Avec Pornhub ou Xvideos, la diffusion du porno est massive

Depuis l’apparition, au milieu des années 2000, des grandes plateformes internet comme Pornhub ou Xvideos, la diffusion du porno est devenue massive, ce qui a « contribué à la recrudescence de contenus de plus en plus ’trash’ et violents, sans aucun contrôle ni considération pour les conditions dans lesquelles ces contenus sont produits », poursuit le document.

Les témoignages glaçants récoltés dans le cadre de l’affaire « French Bukkake », du nom du site de « Pascal OP » spécialisé dans le porno dit amateur, illustrent le calvaire de femmes, qui décrivent des relations sexuelles à la chaîne parfois non consenties. « J’ai mangé la nourriture du chien », a même témoigné une victime, rapporte Public Sénat.

« Les producteurs ne craignent pas d’exploiter la vulnérabilité économique et psychologique de femmes jeunes, voire très jeunes, et de réaliser des tournages dans des conditions déplorables », déplorent encore les sénatrices. C’est le cas dans l’affaire « French Bukkake » mais aussi de l’affaire Jacquie et Michel, autre marque très connue dans le milieu et également visée par une enquête pour des faits de proxénétisme et de viols.

Face à des productions « qui atteignent le paroxysme de la violence », la société doit réagir en renforçant la répression pénale contre les responsables de cette industrie, en « favorisant l’émergence de plaintes des victimes », et en imposant aux plateformes de supprimer gratuitement les vidéos lorsque les femmes en font la demande, préconisent les élues.

Empêcher l’accès des sites pornos aux mineurs

Actuellement, lorsqu’une femme abusée demande la suppression d’une vidéo dans laquelle elle apparaît, les producteurs lui réclameraient entre 3 000 et 5 000 euros, « soit dix fois plus que la rémunération obtenue pour la scène tournée », pointe le rapport. Les autrices veulent « faire de la lutte contre les violences pornographiques et la marchandisation des corps une priorité de politique publique » et « d’augmenter les effectifs et les moyens matériels ».

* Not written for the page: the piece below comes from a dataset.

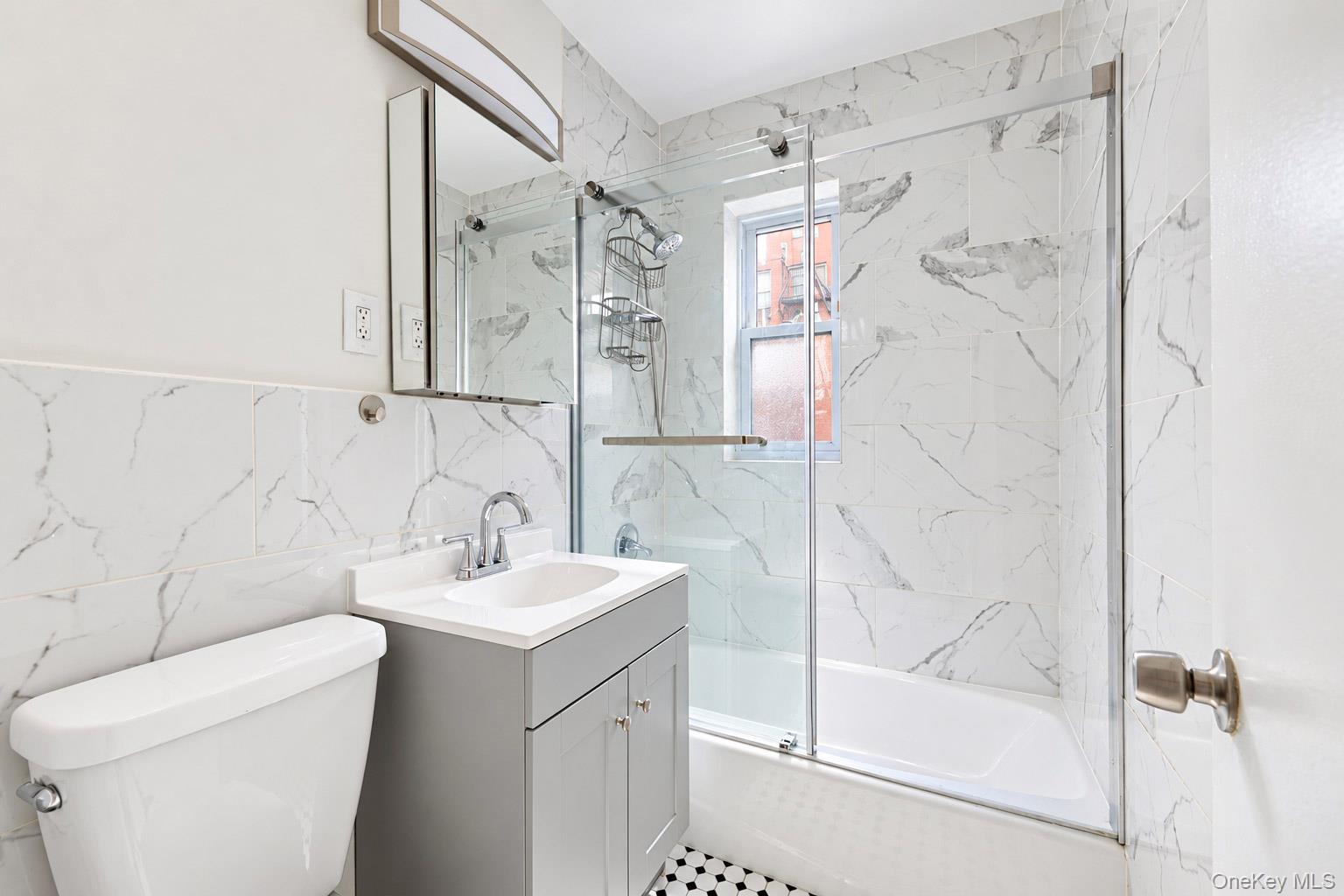 585 Mclean Avenue, Unit 4D photo 7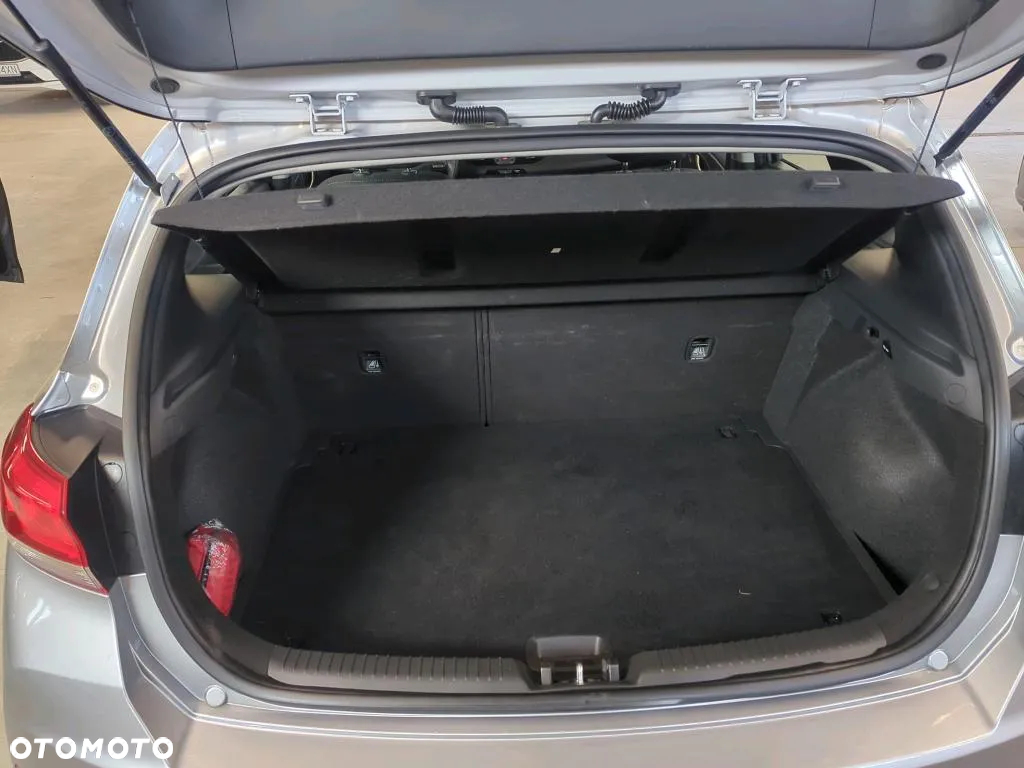 Hyundai i30 1.5 DPI Classic + - 16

Les sénatrices de la délégation aux droits des femmes formulent par ailleurs plusieurs propositions pour empêcher les mineurs d’accéder au porno sur internet, une protection qui s’impose en théorie aux diffuseurs mais qui, dans les faits, n’est pas appliquée.

L’Arcom (ex-CSA) doit voir ses pouvoirs renforcés pour imposer des amendes « dissuasives » aux sites porno accessibles aux mineurs, et le gouvernement doit imposer le « développement de dispositifs de vérification d’âge » et « mener une campagne de communication autour des dispositifs de contrôle parental ».

Alors que deux tiers des jeunes de moins 15 ans ont déjà eu accès à des images porno, la lutte doit aussi passer par l’éducation, estiment les parlementaires, pour qui la « marchandisation des corps » et la pornographie devraient être abordés dans les établissements scolaires, dans le cadre de séances d’éducation à la vie sexuelle et affective.